§ **Material for this task**
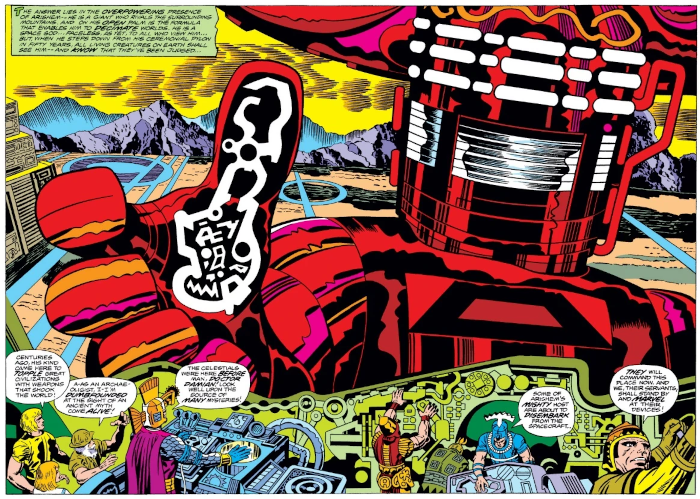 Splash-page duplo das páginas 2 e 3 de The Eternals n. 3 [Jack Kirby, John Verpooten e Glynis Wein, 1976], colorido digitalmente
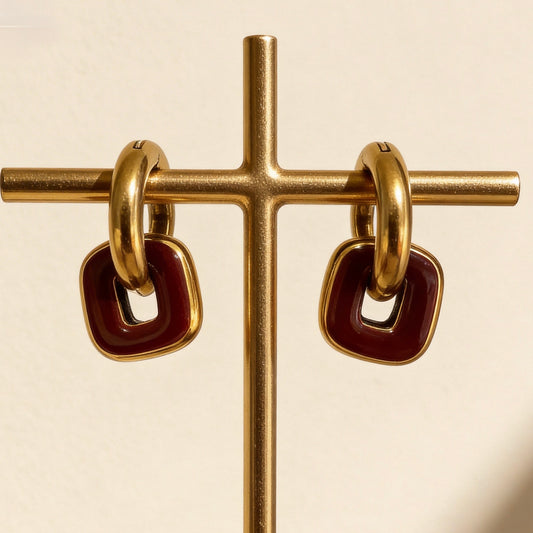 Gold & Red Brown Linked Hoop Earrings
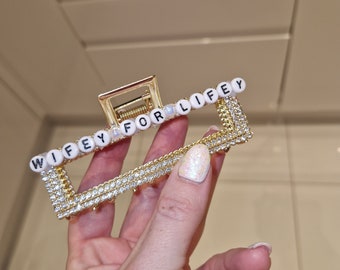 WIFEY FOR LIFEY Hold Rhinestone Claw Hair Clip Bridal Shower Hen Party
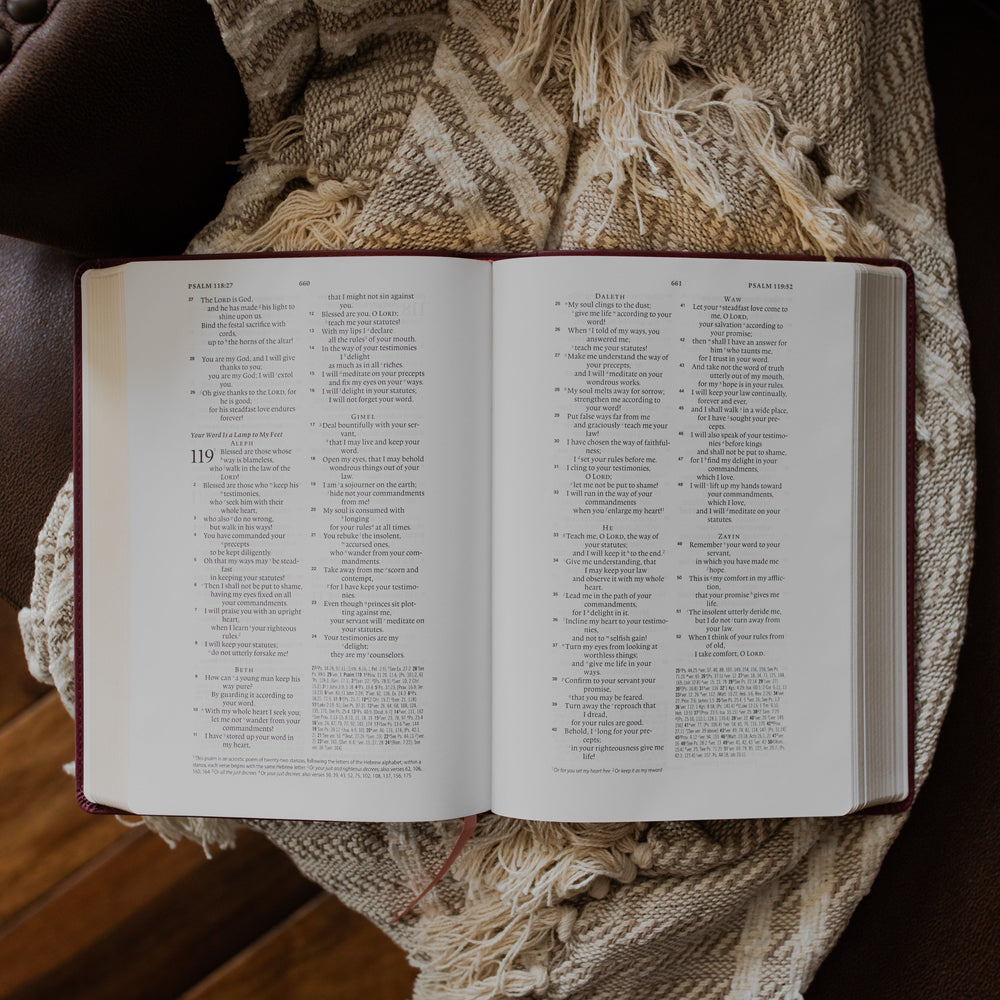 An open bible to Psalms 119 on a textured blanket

--

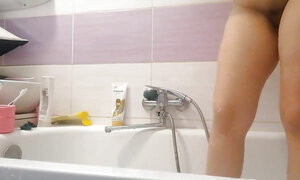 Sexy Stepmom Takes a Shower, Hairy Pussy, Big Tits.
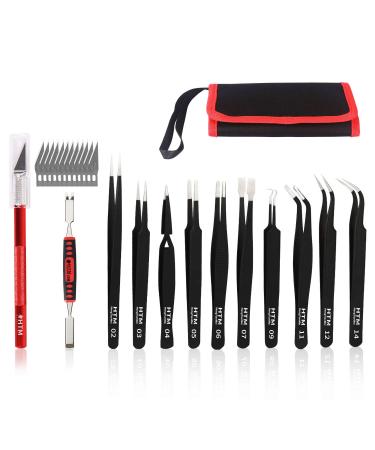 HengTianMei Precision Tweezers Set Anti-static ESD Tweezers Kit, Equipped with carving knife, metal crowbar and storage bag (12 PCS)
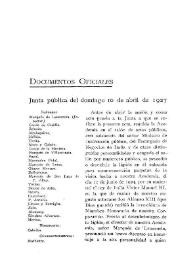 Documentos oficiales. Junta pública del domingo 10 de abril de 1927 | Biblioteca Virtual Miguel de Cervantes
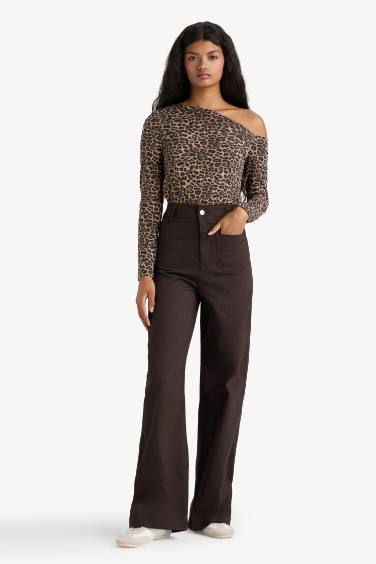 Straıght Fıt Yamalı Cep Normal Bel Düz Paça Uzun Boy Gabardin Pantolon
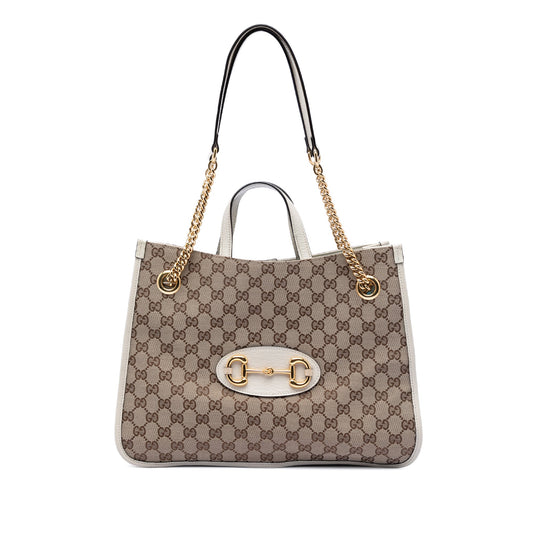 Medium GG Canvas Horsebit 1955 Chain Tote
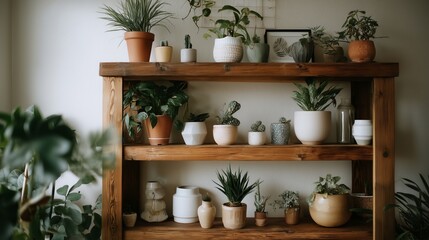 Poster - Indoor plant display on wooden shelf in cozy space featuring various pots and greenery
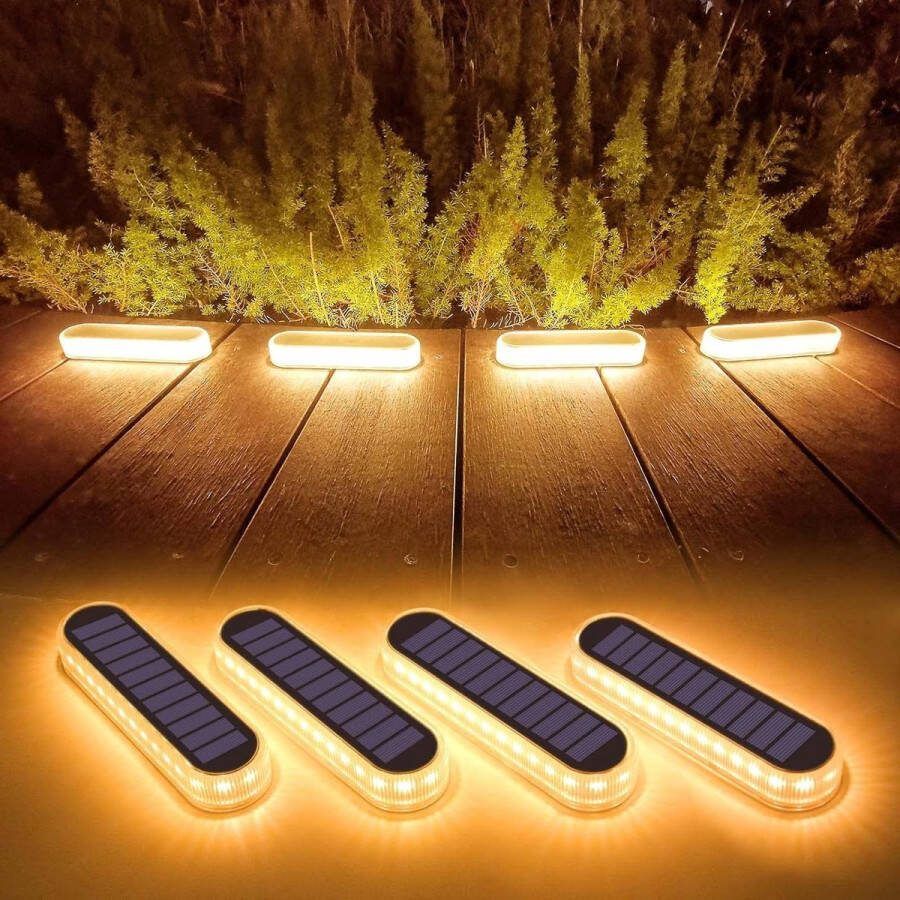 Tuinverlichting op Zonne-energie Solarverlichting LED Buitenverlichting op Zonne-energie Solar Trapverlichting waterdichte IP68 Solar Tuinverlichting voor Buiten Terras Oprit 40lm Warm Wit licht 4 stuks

* * *

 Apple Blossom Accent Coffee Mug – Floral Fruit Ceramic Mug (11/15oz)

§ **Aim of the task**
Everything from the line above that contains "WIFEY FOR LIFEY" down to the line that contains "An open bible" must be reproduced exactly, both ends included. Omit the pictures.

§ **Exercise response**
 WIFEY FOR LIFEY Hold Rhinestone Claw Hair Clip Bridal Shower Hen Party
 An open bible to Psalms 119 on a textured blanket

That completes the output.